Studies
Find 'Social Norms' Strategy Reduces Drinking at Colleges
August 13, 2004
By Eric Hoover, The Chronicle of Higher Education
One reason Johnny quaffs all those beers on Friday nights is that he
thinks most of his fellow students are drinking a lot, too. Prove to
him that, in fact, many of his peers drink in moderation, and Johnny
will pound fewer brews.
That is the thinking behind
"social norms" marketing campaigns, which a growing number
of colleges are using in an effort to curb high-risk drinking among
students.
At last month's National
Social Norms Conference, in Chicago, researchers presented a handful
of new studies suggesting that the controversial strategy can be an
effective tool for prevention.
In a report on the largest
national assessment of the approach to date, two leaders in the field,
Michael P. Haines, director of the National Social Norms Resource Center,
at Northern Illinois University, and H. Wesley Perkins, a professor
of sociology at Hobart and William Smith Colleges, found evidence that
students' perceptions of drinking norms on their campuses do indeed
affect their drinking habits.
Using data collected from
130 colleges, the researchers concluded that a large percentage of students
overestimated the level of their peers' alcohol consumption, and that
those misperceptions contributed to high-risk drinking.
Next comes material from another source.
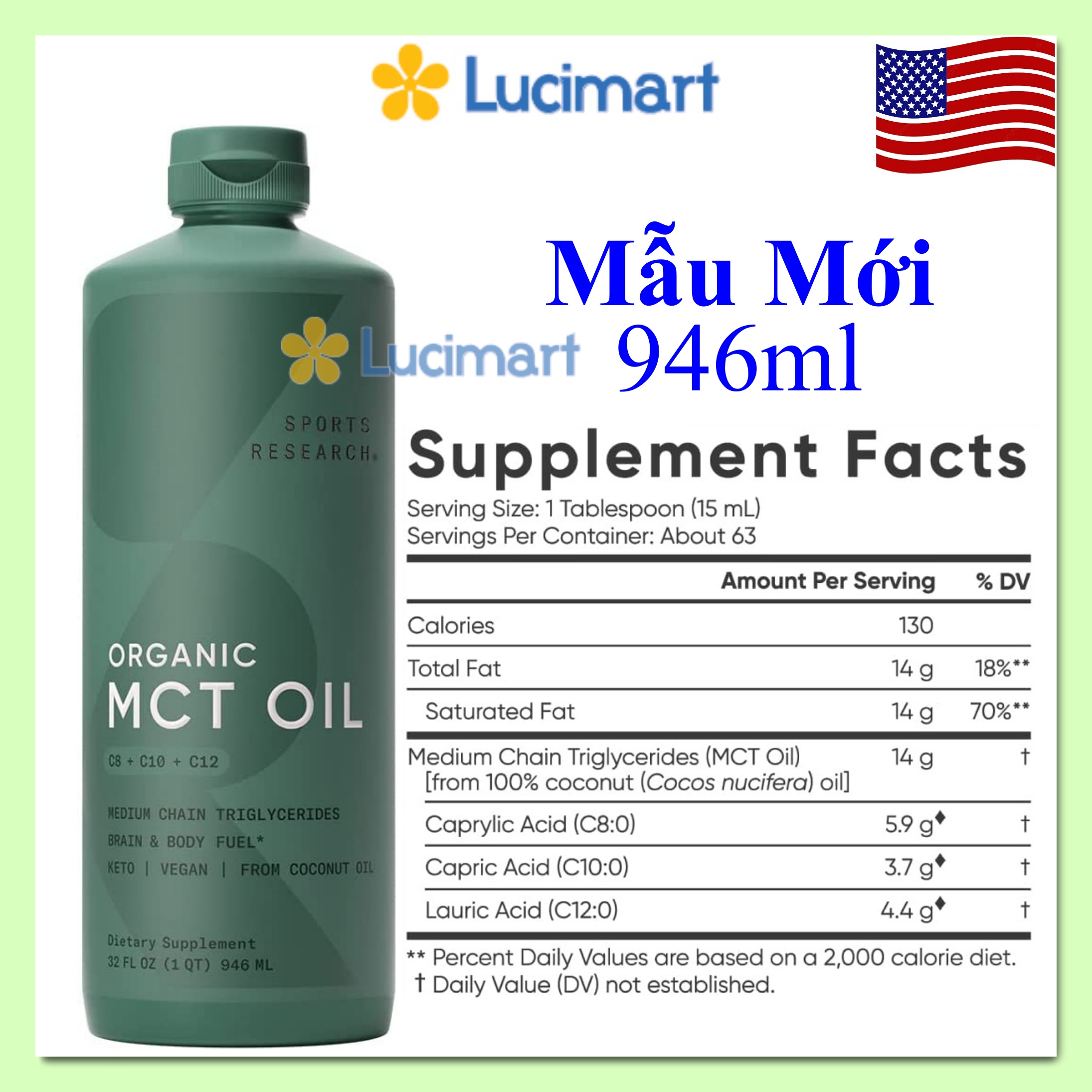 Dầu dừa MCT Oil chuyển hóa chất béo Medium Chain Triglycerides các loại [Hàng Mỹ]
They also found that colleges
that emphasize the prevalence of moderate drinking, through posters
and fliers, succeed in reducing high-risk drinking among their students,
as well as the frequency of its secondhand effects.
Conversely, the researchers
determined that at about a quarter of the 130 colleges they studied,
students' perceptions of drinking norms were inflated, which, they said,
exacerbated drinking problems.
College officials had assumed
that a campus drinking rate "either stays the same or gets better"
as a result of prevention efforts, Mr. Haines said. "This [report]
proves that you can actually do worse."
In another study, researchers
at Florida State University reported a 14-percent decline in high-risk
drinking among students since 2002, when the university received a $457,000
grant from the social-norms center to bolster its social norms-programs.
Two other campaigns, for
athletes at six colleges, resulted in a 32-percent reduction in the
number who drank more than once per week.
Not everyone in the drinking-prevention
field is convinced. The most prominent critic of social norms, Henry
Wechsler, director of the College Alcohol Studies Program at the Harvard
School of Public Health, has dubbed it a "feel good" strategy
that fails to address the complexity of alcohol abuse. Mr. Wechsler
and some health educators are also suspicious of the millions of dollars
the alcohol industry has poured into social-norms programs and research.
In a study published last
summer in the Journal of Studies on Alcohol, Mr. Wechsler found no decline
in the frequency or volume of student drinking at colleges that used
the approach.
Mr. Haines said that Mr.
Wechsler's methodology was flawed, and that students responded better
to information about healthy practices than they did to scare tactics
or threats of punishment.
But Johnny is probably not
thinking about any of that when he reaches for another cold one.